[Data shown Boundary: Start]

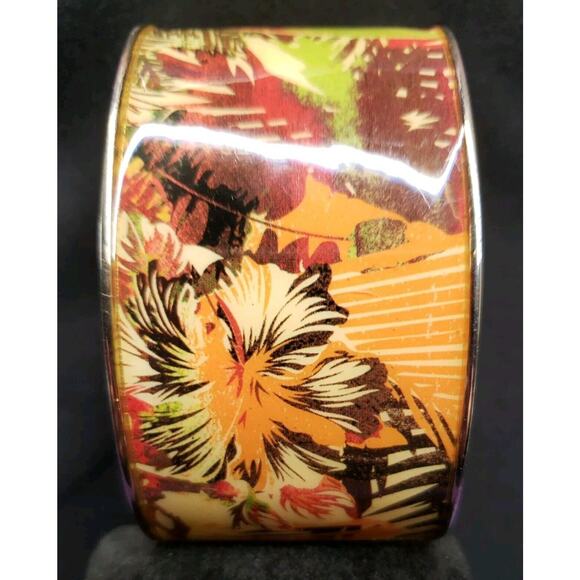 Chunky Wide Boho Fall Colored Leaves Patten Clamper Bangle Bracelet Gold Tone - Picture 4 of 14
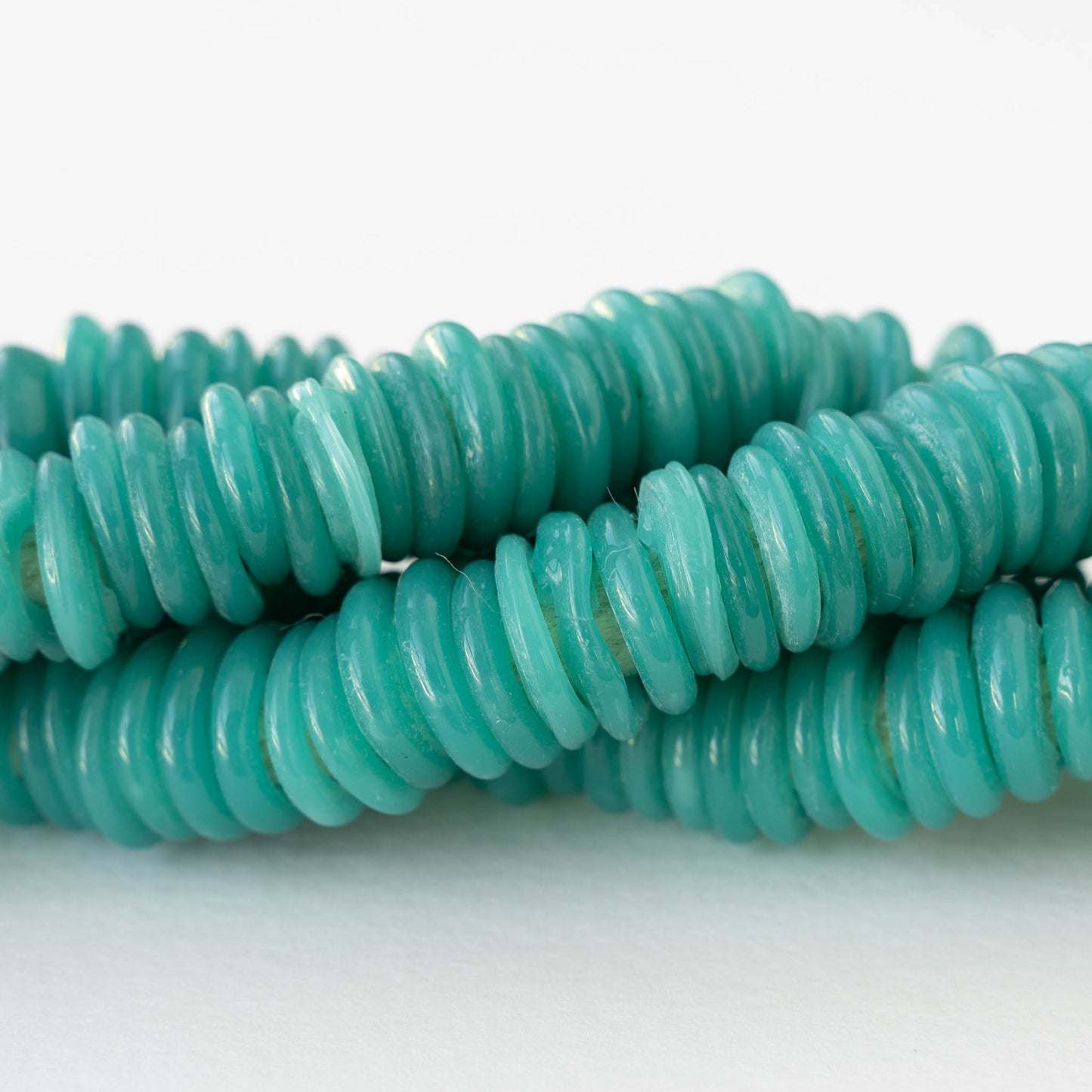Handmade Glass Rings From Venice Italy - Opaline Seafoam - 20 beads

[Data shown Boundary: End]
[Data shown Boundary: Start]

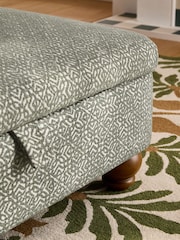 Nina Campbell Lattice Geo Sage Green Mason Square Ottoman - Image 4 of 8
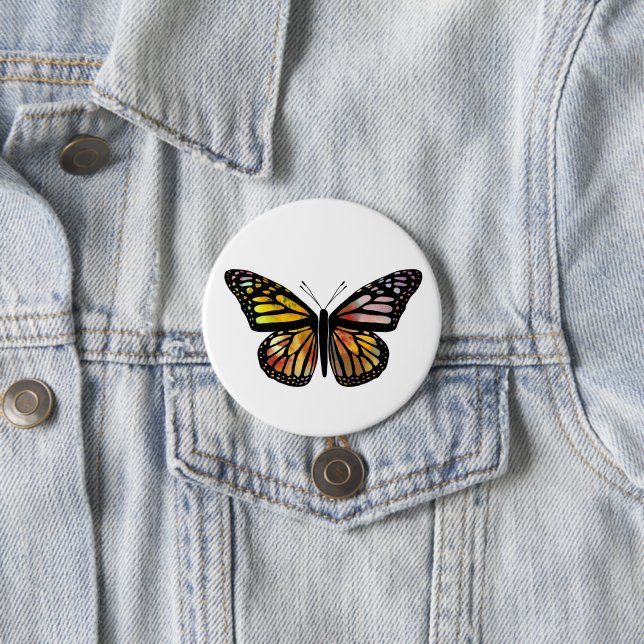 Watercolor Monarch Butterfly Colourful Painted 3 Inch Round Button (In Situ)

[Data shown Boundary: End]
[Data shown Boundary: Start]

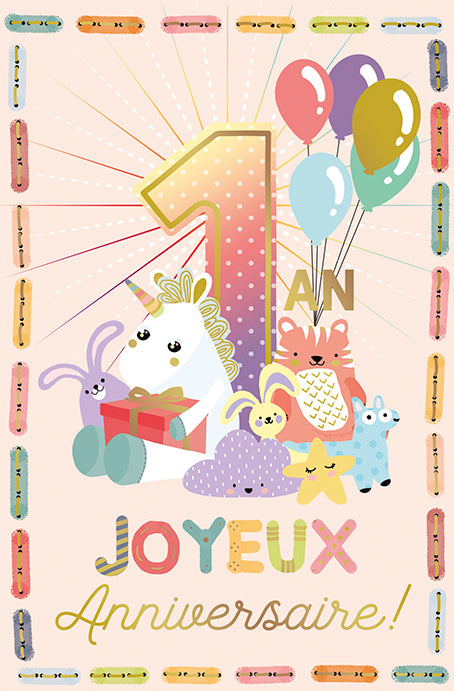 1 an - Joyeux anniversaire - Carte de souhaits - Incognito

[Data shown Boundary: End]

_What to do_
What lines above run from the one with "Chunky Wide Boho" to the one with "Handmade Glass Rings"? Give them again exactly, ends included, and leave the pictures out.

_Exercise result_
 Chunky Wide Boho Fall Colored Leaves Patten Clamper Bangle Bracelet Gold Tone - Picture 4 of 14
Handmade Glass Rings From Venice Italy - Opaline Seafoam - 20 beads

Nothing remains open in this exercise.